その中で話に出たのが、リングプル(飲料缶の口金のリング)を集めて車いすを寄付しようという話。てっきりこれは都市伝説かなにかだと思っていたので、実際にやっているという学校があると聞いてちょっとびっくりした。102万個集めると車いすを1台寄贈できるそうだ。102万個って…と思ったが、けっこう順調に集まっているらしい。

以前から、それはナンセンスだという話を読んでいたので、初めての会議の場で目立つまいとは思っていたのだがつい発言してしまった。リングプルだけ集めるのは、かつてその部分が本体から外れていた時代に散乱してゴミになるのを見かねて始まったのだろうが、今は意味がない、缶本体ごと集めれば102万個も集めなくても車いす1台分くらいの売却益は得られるだろうに、というようなことを言った。

だけど、やはり事情はあるのだ。缶ごと集めるとはるかにかさばって保管場所に困るし、洗ってなければ臭うし虫も出る。その管理は子どもたちだけでは手に余る。リングプルだけならそのへん容易で、少しずつたまっていく様子を目で確認でき励みになる。実際子どもたちは、自分で集めるだけでなく周辺のガソリンスタンドやスーパーなどにも回収箱を置かせてもらうよう交渉したという。缶本体だとそれは難しいだろう。集めたリングプルは宅配便が取りにきてくれて、北海道にあるリングプル再生ネットワークに送られる。この手軽さも理由の一つで、こうでなければ教員かPTAの手を借りざるを得ない。私の小学校でもPTAで以前アルミ缶回収をしていたが、担当者の仕事がかなり大変だということでやめてしまっている。

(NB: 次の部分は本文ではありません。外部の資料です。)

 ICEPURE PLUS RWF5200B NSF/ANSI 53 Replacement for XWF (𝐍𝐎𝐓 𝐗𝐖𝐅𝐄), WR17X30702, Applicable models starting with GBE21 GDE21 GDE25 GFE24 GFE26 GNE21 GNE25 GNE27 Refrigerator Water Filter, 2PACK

缶全体をリサイクルできるのに小さなリングだけちぎって集める効率の悪さ、わざわざ北海道まで宅配で送ることの環境負荷はどうなんだという批判もうかぶが、現場の実情を考えればこれもひとつの解なのだと納得できる。環境よりも、実践できる教育効果の方を小中学校では優先しても許されるだろう。ただし、同じことをいい大人がやるのは愚かな自己満足である。その労力をもっと他のやり方で有益に使うべきだろう。